The European Parliament “reiterates its request that the Commission produce a comprehensive roadmap against homophobia, transphobia and discrimination on grounds of sexual orientation and gender identity, also addressing human rights violations

Spotted anything contentious?

Apparently the 266 MEPs who voted against this amendment to the EU’s human rights report did. This included many UK Conservative, UKIP and BNP MEPs.

Richard Howitt MEP

As a result, the Labour MEP who tabled the amendment, Richard Howitt, commented, “Whatever Cameron claims, Tory views on LGBT issues are neanderthal and we saw that in yesterday’s vote”.

Daniel Hannan, one of the Tory MEPs who voted against the amendment however had another view. He succinctly responded to Howitt’s comments saying, “sexual orientation is none of the EU’s bloody business”.

I have strong reason to believe that some MEPs, such as the inglorious Roger Helmer, who voted against this amendment could be described as homophobic, or at best, ignorant.

Hannan however who represents a slightly more complex consideration which is worth quickly looking at.

Hannan (in his own words) was “virtually the only Conservative, not just to back the scrapping of Section 28 in 2000, but to oppose its introduction in 1988. I supported the equalisation of the age of consent in 1994. I backed civil unions in 2004, and am quite relaxed about upgrading them to marriages”.

A gay rights campaigner? Not quite.

At best you could describe Hannan as indifferent towards issues of sexuality. Hannan in the past has said, “On balance, I suppose I mildly favour the idea [of gay marriage]”. Not excactly a Peter Tatchell.

So why did Hannan vote against this amendment?

He responded to Howitt commenting, “sexual orientation is none of the EU’s bloody business…[I] can be in favour of gay equality while none the less believing that moral questions ought to be decided by each nation through its own democratic mechanisms and procedures”.

Daniel Hannan MEP

The conclusion here is telling. I don’t believe he voted down this motion because he is a homophobe, but simply because he has an alarming placement of priorities.

Hannan believes these sorts of ‘moral issues’ “ought to be decided by each nation”. I disagree with this statement but that’s fine. The problem comes when he decides to vote against an amendment aimed at (among other things) offering protection to LGBT asylum seekers, a life and death issue for many, because of this belief about doing things at a nation state level.

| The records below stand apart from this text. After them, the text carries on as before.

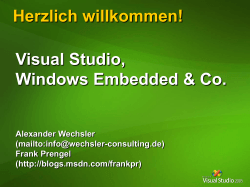 Herzlich willkommen! Visual Studio, Windows Embedded &amp; Co. Alexander Wechsler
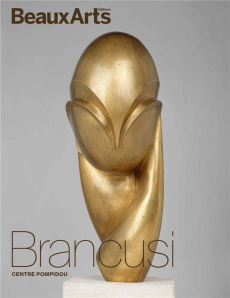 Brancusi. Centre Pompidou - Pommereau Claude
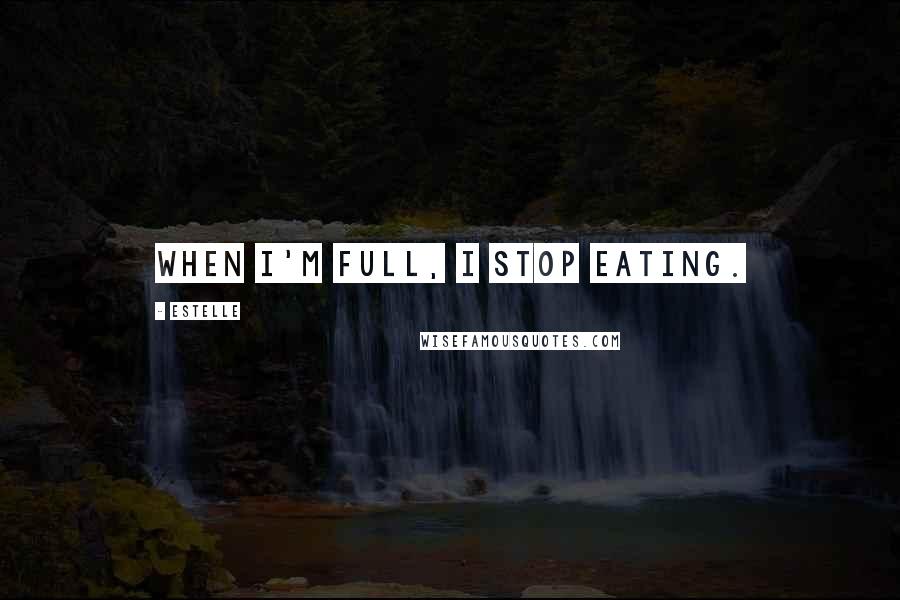 Estelle Quotes: When I'm full, I stop eating.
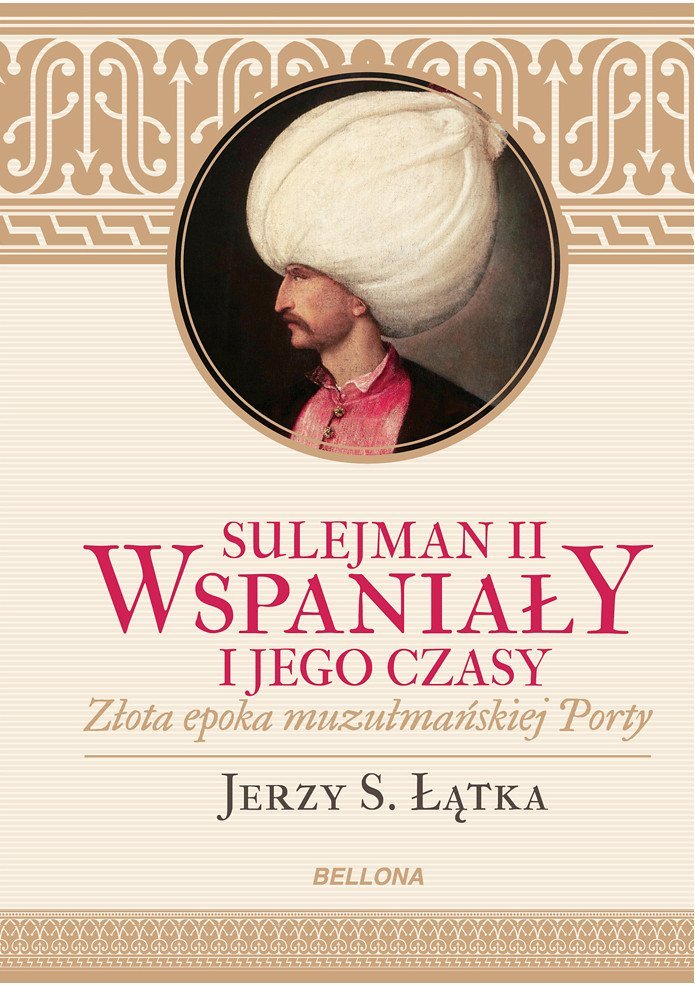 Sulejman II Wspaniały i jego czasy. Złota epoka muzułmańskiej Porty - ebook epub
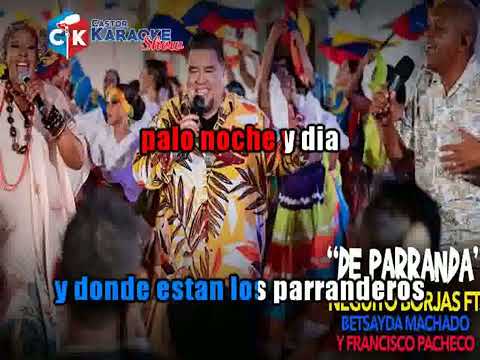 karaoke  de parranda neguito borjas ft betzayda machado, francisco pacheco  -   demo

The EU might not be perfect Mr Hannan but you have an obligation as an MEP to use it the best you can. On this occasion you have put politics above people’s safety. That is not OK.

It is important however to not lose sight of the 265 other MEPs (including Mr Farage, Griffin amongst others) who voted against this motion. I cannot, for all that I have tried, find one good reason why any MEP opposed this amendment.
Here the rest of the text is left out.